_Exercise_
Please output only the lines running from the one that contains "Lucky Brand Gold" through the last line of the data below, exactly as they stand, with no pictures.

_Collected material_
[Start of Attachment]

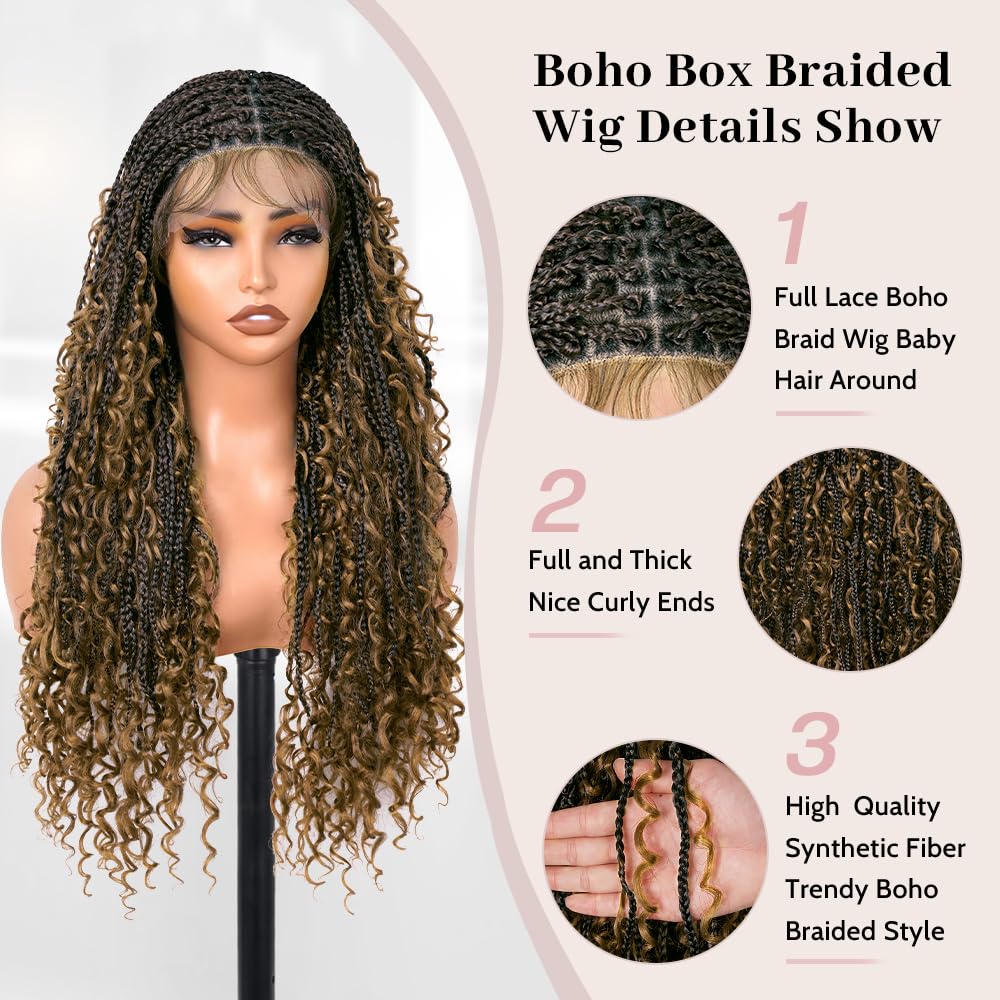 Amazon.com : Suntefic Boho Box Braided Wigs for Black Women 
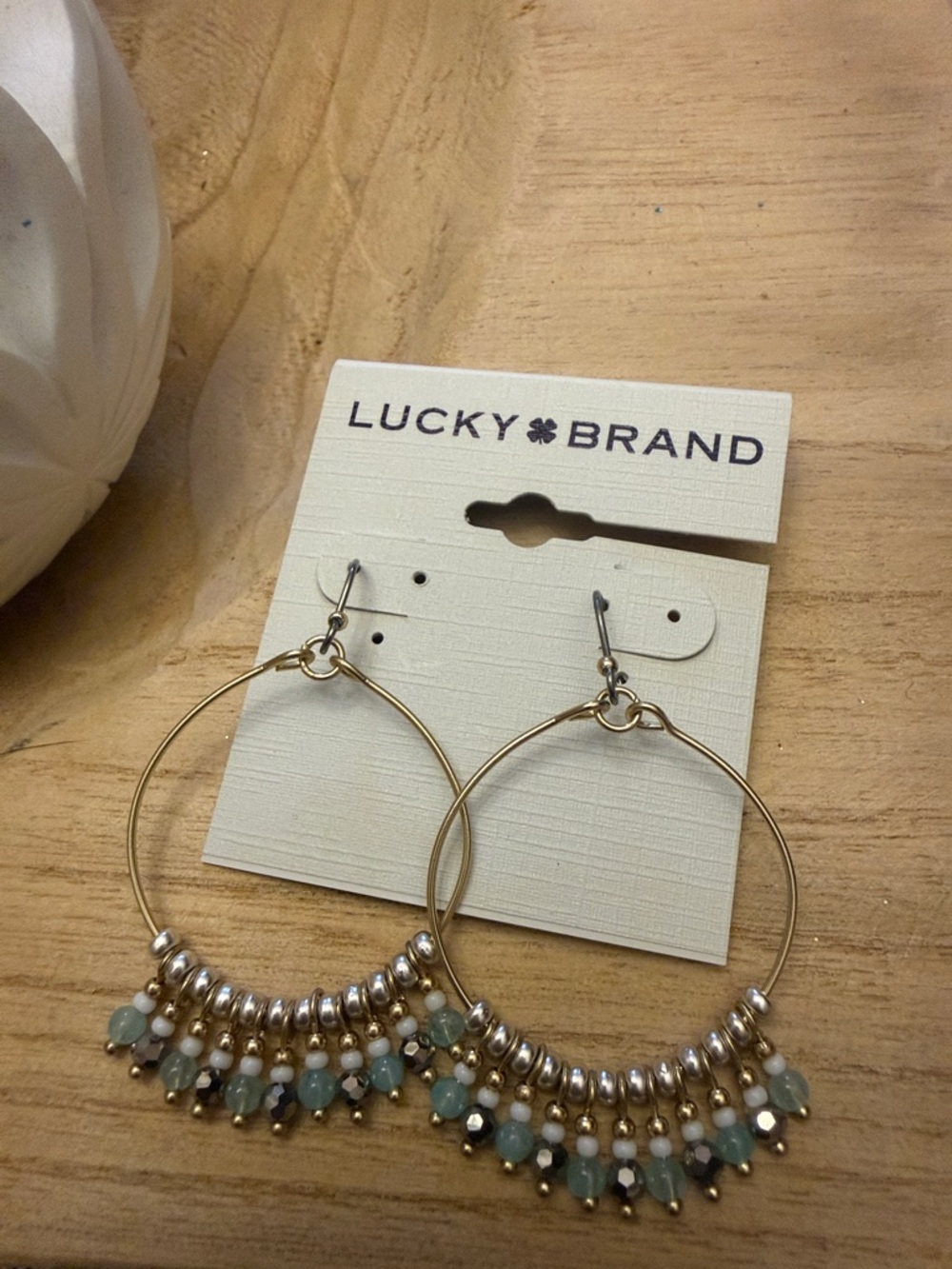 Lucky Brand Gold Tone Hoop Braded Fringe Earrings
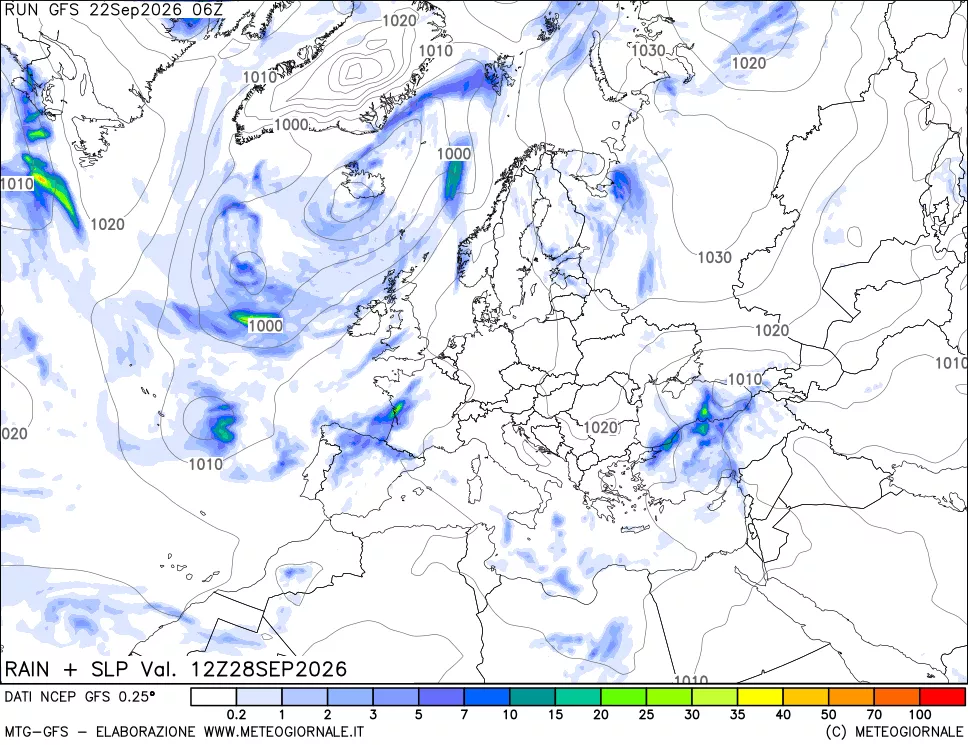 mappa Precipitazioni e pressione SLM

[End of Attachment]

_Task answer_
 Lucky Brand Gold Tone Hoop Braded Fringe Earrings
 mappa Precipitazioni e pressione SLM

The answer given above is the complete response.